Exercise brief
Only a number is required: how many lines of the material contain the word "with"?

The records

- Opening Delimiter -

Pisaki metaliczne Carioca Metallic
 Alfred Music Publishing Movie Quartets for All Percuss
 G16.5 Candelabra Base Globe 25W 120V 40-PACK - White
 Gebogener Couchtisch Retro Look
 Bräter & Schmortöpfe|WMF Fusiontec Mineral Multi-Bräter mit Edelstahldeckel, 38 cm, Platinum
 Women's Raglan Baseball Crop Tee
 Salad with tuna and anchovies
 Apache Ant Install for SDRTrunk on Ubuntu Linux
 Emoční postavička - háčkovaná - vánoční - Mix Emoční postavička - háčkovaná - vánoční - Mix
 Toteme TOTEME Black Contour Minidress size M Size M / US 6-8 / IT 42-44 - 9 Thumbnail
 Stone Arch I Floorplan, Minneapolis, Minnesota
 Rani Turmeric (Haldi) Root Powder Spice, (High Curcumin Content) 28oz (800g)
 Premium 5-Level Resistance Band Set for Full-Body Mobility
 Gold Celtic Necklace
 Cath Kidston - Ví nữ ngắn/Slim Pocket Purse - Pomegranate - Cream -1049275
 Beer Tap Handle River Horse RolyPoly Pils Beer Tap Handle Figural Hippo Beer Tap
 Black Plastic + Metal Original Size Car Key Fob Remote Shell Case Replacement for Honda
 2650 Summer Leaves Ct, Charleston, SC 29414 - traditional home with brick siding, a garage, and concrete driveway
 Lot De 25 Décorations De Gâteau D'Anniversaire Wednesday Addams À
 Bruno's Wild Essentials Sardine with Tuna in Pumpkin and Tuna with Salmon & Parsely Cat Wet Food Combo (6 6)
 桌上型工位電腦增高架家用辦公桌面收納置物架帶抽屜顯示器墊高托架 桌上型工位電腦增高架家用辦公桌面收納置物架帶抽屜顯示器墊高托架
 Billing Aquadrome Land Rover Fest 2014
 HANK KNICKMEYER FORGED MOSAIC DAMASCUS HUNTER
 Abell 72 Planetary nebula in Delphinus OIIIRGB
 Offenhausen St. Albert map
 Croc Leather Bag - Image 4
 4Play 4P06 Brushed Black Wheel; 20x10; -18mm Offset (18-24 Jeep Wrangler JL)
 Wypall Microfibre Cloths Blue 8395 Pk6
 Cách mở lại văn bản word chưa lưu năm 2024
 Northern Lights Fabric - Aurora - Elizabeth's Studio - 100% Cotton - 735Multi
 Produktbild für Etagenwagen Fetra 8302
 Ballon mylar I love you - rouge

- Closing Delimiter -

Result for this exercise
3